So the mysterious volte face by the Government over the Tata Steel pensions rescue package is a mystery no more.
The FT, led by super-snooper Jo Cumbo have unearthed the GAD submission to the DWP consultation on solutions to the Tata Steel pension problem. It turns out that “if it looks too good to be true, it probably is too good to be true”. Like so much of the lazy slapdash thinking that characterised the Remain obsessed Cameron Government, the Tata Steel rescue plan was a sop to kick a long term problem into the short grass.
It looks like the grass just got cut.
The FT claim to have seen the Government Actuary’s Department’s analysis which suggests that even with the reduced liability (and benefits) proposed, there would have needed to be an injection of £3-4bn to protect the security of member’s rights.
That £3-4bn is what the ongoing support of a company like Tata ( or another taking on the pension scheme) is worth to members. Put another way, it’s the price of sufficiency.
Which is why defined benefit schemes need an ongoing sponsor. They simply don’t run themselves, they need recourse to emergency cash when times get hard – they are not sufficient (without a huge was of notes in their back pocket).
Pensions need companies like kids need parents.
I think of my lucky son, off to College with the surety of the bank of Mum and Dad to back him up. He may never go for that emergency loan but he knows that were he to, he’d have a 99% chance of getting it. Those students who don’t have recourse to Mum and Dad have to get credit from the market (i.e ..the Banks or worse).
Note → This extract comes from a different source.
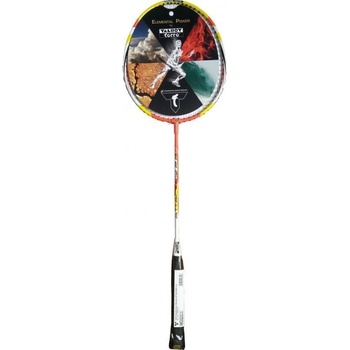 Talbot Torro Attacker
Of course my son doesn’t value his Dad’s solvency; we never value what we’ve got till it’s gone and I’ve made provision to make sure he has financial protection whatever happens to me. But were he to put a value on the support I may or may not give him, he would realise that it provides him with the peace of mind to carry out his studies without going mad with worry.
The business of running a pension scheme without a sponsor is tough like going through university not knowing who will pay the next term’s bills.
The PPF, BSPS and risk
The PPF is one of Britain’s financial light-bulb moments. It is a well-run fund which invests prudently and manages its liabilities as it does its administration- with precision.
Sources close to the PPF (Rubenstein et al.) aren’t getting perturbed by the imminent arrival of BSPS. Infact, I hear they relish the opportunity to take on a scheme in good shape in all but parentage. There will never be a time when the PPF will be better placed to take on such liabilities.
If I had the choice as a member of the British Steel Pension Scheme of 100% certainty of reduced benefits being paid by the PPF or a 50% chance of (reduced) benefits being paid in full by not going into the PPF – I would have a reasonable choice to make. I could work out the risk and compare it to the drop in benefits (from the PPF) and make my choice.
The problem is that until GAD came along, both Government and the Trustees of the BSPS were telling anyone who’d listen that the original proposals were “low-risk”.
This is what GAD told the consultation on June 13th (ten days before the referendum).
“To eliminate most of the risk of the scheme being unable to meet its (reduced) liabilities in the absence of any sponsor support (ie self sufficiency) would require additional assets which we have estimated to be in the region of £3-£4bn,”
Along with the radical plans for redistributing tax relief (which should have been part of this year’s budget), talking tough on pension deficits wasn’t part of the pre-referendum agenda.
The expressions of Theresa May and David Cameron suggest zero personal empathy. Perhaps she knew the mess she knew he was leaving her on pensions!
The Government Actuary, like the PPF is a Government institution that works. It was put in place precisely so we did not have to bend the law of the land for political expediency.
The 130,000 members of the BSPS are probably in a better place in the PPF than in the BSPS. According to the FT, GAD told the DWP
” the proposal was “broadly consistent” with a “50:50 expectation” of being able to pay members’ benefits in full, with “no additional reserves to manage materialisation of risks in future.”
Transparency is key
It is now nearly October, in the intervening three months, the 130,000 members of BSPS have heard very little about their pensions. We are told that talks are ongoing between Tata and German steel-maker Thyssen-Krupp. Talks are also ongoing with the unions.
In my opinion, the Government had no business floating the idea of a “low-risk” solution to the problem- till it had had the risk assessment from its own actuaries. That assessment came and the referendum went and it was only in the last few weeks that the plans for a sufficient BSPS have been shelved,
We now know why they were shelved. These plans were not “low-risk), no matter how the Government and the Trustees spun them.
People’s pensions are too important to be treated as political footballs. I don’t know how many votes this fake rescue plan won Remain but if it was one – it was one too many.
People deserve honesty from Government and that GAD report should have been put in the public domain on June 13th, not leaked through the FT on September 25th.